Cover to ‘Death Orb’ #1. Art by Alejandro Aragon/Dark Horse Comics

By Brendan F. Hodgdon. The outlaw is a perpetual and resonant story in American culture. Be it in the Old West or the post-apocalypse, we never seem to tire of stories of lone men prone to violence making their way across the wasteland on some bloody quest. On the dystopian side of things, this has led to tremendous stories like Mad Max and The Book of Eli, and to that honored list you can now include Death Orb, the new title from Ryan Ferrier and Alejandro Aragon. Its dynamite first issue is go-for-broke action storytelling, an intriguing and exciting new mini-series.

Death Orb toes the line between lived-in tangibility and a dreamlike, amorphous quality.
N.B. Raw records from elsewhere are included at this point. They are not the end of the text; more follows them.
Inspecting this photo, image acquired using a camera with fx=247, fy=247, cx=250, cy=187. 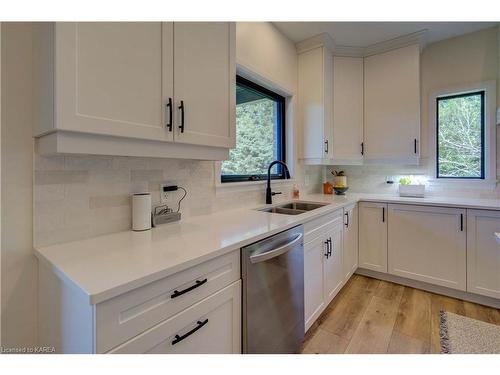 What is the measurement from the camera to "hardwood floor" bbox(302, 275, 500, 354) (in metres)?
1.67

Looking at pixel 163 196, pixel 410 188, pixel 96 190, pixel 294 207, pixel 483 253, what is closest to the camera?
pixel 96 190

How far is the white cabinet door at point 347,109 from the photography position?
2.87 m

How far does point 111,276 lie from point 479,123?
3.49 meters

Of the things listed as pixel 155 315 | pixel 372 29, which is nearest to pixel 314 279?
pixel 155 315

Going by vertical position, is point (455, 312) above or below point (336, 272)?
below

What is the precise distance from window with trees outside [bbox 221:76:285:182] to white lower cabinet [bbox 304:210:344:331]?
0.77 meters

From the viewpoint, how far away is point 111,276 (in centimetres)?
75

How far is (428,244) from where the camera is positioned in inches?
92.8

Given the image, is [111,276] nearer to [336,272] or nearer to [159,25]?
[159,25]

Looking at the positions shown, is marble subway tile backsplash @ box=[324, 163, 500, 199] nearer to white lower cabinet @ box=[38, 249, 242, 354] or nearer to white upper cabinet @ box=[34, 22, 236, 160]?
white upper cabinet @ box=[34, 22, 236, 160]

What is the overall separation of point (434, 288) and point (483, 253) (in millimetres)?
543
The story follows a young hero named Rider on his journey to rescue his wife from the clutches of the mysterious Father and his zealots. The story is basically that simple, stripped down and uncomplicated. The result is a raw nerve, driven by grounded emotion to very heightened ends. As bleak as this world can be, Ferrier’s script connects in a very earnest way, lending credence to the story and its hero.

Flashbacks or an exploration of what Rider’s relationship with his wife was like are missing here, which might have given the issue some extra heft. But even so, the stakes of Rider’s mission are clear and tangible, just enough for what the story needs. And while Death Orb is heavier than Ferrier’s usual fare, there are still flashes of the cockeyed storytelling and gallows humor for which the writer is well-known, and that gives the entire issue a more fluid (and by extension, interesting) tone that helps keep it from becoming too dreary of an apocalypse.

Both hero and world are brought to vivid life by Aragon’s art, which provides great aesthetic elements and drops visceral action beats throughout the issue. Due to the sparseness of the story, Aragon’s work has a lot riding on it in the early going, and thankfully it is up to the task. His scratchy, moody approach is a great fit, and his ability to depict movement and violence gives the book an added energy. That great eye also extends to his framing too; the introductory splash panel of Rider is iconic, instantly frame-able. The series is solicited as “manga-style,” but it really feels like Aragon has employed a clear method of his own here. The book is better for it.

The combination of high-octane, action-driven pacing and mysterious, loosely-defined mythology builds to crescendo in this issue’s climax. How Ferrier and Aragon continue from here will likely reveal more about the nature of this world, and maybe a little bit more about Rider, too. Whether it results in clear answers or not, this Dark Horse Comics mini-series is certainly capable of capturing the reader’s attention. This is a thrilling and beautiful new action comic that’s just damn fun to read. Look no further than the ultraviolent delights of Death Orb.

Dark Horse Comics/$3.99

Written & lettered by Ryan Ferrier.

Art by Alejandro Aragon.

Colors by Chris O’Halloran.

8 out of 10

‘Death Orb’ #1 hits stores October 3.